From the data below, return the exact lines starting at the line containing "Liska Rebbe blowing shofar during saying" and ending at the line containing "Used 2024 GMC", both included, and nothing else.

Short web captions:
◇ ◇ ◇ ◇ ◇
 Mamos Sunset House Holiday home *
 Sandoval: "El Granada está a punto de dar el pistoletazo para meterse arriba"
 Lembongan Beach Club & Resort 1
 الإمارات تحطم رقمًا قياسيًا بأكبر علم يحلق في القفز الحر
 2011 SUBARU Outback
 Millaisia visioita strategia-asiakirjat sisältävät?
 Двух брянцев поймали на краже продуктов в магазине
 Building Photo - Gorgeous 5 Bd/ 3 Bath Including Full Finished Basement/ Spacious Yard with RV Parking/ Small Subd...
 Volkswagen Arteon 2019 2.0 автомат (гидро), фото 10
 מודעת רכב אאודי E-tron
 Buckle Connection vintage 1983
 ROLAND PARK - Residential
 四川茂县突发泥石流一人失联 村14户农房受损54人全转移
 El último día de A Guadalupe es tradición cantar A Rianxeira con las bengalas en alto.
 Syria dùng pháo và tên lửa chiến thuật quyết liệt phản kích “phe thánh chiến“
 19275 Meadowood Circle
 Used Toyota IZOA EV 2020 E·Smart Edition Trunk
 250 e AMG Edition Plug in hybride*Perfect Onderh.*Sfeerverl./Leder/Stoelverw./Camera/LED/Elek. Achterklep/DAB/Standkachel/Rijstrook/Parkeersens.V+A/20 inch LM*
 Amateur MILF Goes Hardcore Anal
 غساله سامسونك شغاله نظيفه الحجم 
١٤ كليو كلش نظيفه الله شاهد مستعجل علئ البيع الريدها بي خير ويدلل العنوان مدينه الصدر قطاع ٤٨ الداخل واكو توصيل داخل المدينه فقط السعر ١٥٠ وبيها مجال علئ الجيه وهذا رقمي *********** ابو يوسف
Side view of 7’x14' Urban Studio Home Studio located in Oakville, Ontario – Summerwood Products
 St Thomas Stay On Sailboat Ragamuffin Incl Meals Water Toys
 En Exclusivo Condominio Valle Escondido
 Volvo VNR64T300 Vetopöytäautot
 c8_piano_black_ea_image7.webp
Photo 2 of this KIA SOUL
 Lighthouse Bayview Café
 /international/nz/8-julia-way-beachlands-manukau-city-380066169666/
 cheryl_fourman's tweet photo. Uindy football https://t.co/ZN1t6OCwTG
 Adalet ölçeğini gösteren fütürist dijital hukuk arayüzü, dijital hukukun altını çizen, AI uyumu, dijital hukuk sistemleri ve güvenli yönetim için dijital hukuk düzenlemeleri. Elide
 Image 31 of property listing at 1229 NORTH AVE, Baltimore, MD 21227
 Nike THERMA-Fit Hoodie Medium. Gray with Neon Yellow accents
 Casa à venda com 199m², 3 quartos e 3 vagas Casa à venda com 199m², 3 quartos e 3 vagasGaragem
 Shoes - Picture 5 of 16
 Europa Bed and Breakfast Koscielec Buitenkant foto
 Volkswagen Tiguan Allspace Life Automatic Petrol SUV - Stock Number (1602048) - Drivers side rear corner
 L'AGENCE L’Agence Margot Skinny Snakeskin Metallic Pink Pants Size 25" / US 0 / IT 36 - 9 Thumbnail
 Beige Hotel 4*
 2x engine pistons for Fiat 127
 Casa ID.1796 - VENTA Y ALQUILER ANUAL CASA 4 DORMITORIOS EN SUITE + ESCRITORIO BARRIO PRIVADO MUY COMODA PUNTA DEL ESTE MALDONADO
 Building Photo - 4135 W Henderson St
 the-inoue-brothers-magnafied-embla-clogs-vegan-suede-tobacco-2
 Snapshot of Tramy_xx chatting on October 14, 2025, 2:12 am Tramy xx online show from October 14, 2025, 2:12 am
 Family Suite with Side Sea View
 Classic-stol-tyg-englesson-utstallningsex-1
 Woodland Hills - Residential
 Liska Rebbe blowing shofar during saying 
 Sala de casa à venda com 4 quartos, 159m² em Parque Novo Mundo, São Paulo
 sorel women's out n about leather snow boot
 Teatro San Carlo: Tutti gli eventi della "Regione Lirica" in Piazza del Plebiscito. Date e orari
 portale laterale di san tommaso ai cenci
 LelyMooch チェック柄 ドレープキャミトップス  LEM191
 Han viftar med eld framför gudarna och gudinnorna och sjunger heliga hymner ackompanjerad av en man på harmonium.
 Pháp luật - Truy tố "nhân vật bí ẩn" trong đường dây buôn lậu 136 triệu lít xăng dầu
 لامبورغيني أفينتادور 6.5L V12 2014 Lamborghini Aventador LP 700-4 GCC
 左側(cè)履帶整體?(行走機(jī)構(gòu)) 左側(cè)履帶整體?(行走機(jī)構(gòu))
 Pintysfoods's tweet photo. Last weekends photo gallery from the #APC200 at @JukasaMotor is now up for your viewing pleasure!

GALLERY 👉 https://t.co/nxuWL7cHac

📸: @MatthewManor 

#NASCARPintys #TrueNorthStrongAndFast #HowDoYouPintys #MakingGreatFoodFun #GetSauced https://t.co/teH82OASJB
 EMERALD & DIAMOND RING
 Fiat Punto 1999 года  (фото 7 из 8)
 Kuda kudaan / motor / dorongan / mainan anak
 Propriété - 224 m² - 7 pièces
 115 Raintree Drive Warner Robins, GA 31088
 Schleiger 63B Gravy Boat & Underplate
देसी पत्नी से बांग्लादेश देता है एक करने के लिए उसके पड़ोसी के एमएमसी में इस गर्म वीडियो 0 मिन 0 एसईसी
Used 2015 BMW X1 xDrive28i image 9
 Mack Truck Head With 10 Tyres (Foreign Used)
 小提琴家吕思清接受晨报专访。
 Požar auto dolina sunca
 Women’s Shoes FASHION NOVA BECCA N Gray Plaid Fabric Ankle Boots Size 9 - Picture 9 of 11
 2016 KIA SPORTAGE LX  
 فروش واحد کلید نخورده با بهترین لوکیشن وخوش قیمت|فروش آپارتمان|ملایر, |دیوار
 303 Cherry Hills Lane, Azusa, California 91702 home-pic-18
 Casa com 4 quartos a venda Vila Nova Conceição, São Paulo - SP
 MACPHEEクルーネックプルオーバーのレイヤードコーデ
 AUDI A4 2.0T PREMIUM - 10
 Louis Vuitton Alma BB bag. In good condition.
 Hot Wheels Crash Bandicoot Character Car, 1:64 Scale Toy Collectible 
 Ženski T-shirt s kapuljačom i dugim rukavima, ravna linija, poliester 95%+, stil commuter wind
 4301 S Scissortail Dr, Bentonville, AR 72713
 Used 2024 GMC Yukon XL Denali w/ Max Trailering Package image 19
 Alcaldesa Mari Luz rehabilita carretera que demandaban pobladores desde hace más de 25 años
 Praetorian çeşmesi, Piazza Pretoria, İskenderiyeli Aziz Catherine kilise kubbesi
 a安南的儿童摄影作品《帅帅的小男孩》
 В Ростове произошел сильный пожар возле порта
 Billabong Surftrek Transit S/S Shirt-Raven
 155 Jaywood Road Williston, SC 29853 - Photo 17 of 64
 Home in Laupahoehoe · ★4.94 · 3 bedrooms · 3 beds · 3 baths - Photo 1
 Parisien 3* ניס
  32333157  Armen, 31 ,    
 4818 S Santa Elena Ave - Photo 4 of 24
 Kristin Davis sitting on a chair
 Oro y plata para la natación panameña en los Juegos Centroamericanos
◇ ◇ ◇ ◇ ◇
- OUTPUT FOR THIS EXERCISE
 Liska Rebbe blowing shofar during saying 
 Sala de casa à venda com 4 quartos, 159m² em Parque Novo Mundo, São Paulo
 sorel women's out n about leather snow boot
 Teatro San Carlo: Tutti gli eventi della "Regione Lirica" in Piazza del Plebiscito. Date e orari
 portale laterale di san tommaso ai cenci
 LelyMooch チェック柄 ドレープキャミトップス  LEM191
 Han viftar med eld framför gudarna och gudinnorna och sjunger heliga hymner ackompanjerad av en man på harmonium.
 Pháp luật - Truy tố "nhân vật bí ẩn" trong đường dây buôn lậu 136 triệu lít xăng dầu
 لامبورغيني أفينتادور 6.5L V12 2014 Lamborghini Aventador LP 700-4 GCC
 左側(cè)履帶整體?(行走機(jī)構(gòu)) 左側(cè)履帶整體?(行走機(jī)構(gòu))
 Pintysfoods's tweet photo. Last weekends photo gallery from the #APC200 at @JukasaMotor is now up for your viewing pleasure!

GALLERY 👉 https://t.co/nxuWL7cHac

📸: @MatthewManor 

#NASCARPintys #TrueNorthStrongAndFast #HowDoYouPintys #MakingGreatFoodFun #GetSauced https://t.co/teH82OASJB
 EMERALD & DIAMOND RING
 Fiat Punto 1999 года  (фото 7 из 8)
 Kuda kudaan / motor / dorongan / mainan anak
 Propriété - 224 m² - 7 pièces
 115 Raintree Drive Warner Robins, GA 31088
 Schleiger 63B Gravy Boat & Underplate
देसी पत्नी से बांग्लादेश देता है एक करने के लिए उसके पड़ोसी के एमएमसी में इस गर्म वीडियो 0 मिन 0 एसईसी
Used 2015 BMW X1 xDrive28i image 9
 Mack Truck Head With 10 Tyres (Foreign Used)
 小提琴家吕思清接受晨报专访。
 Požar auto dolina sunca
 Women’s Shoes FASHION NOVA BECCA N Gray Plaid Fabric Ankle Boots Size 9 - Picture 9 of 11
 2016 KIA SPORTAGE LX  
 فروش واحد کلید نخورده با بهترین لوکیشن وخوش قیمت|فروش آپارتمان|ملایر, |دیوار
 303 Cherry Hills Lane, Azusa, California 91702 home-pic-18
 Casa com 4 quartos a venda Vila Nova Conceição, São Paulo - SP
 MACPHEEクルーネックプルオーバーのレイヤードコーデ
 AUDI A4 2.0T PREMIUM - 10
 Louis Vuitton Alma BB bag. In good condition.
 Hot Wheels Crash Bandicoot Character Car, 1:64 Scale Toy Collectible 
 Ženski T-shirt s kapuljačom i dugim rukavima, ravna linija, poliester 95%+, stil commuter wind
 4301 S Scissortail Dr, Bentonville, AR 72713
 Used 2024 GMC Yukon XL Denali w/ Max Trailering Package image 19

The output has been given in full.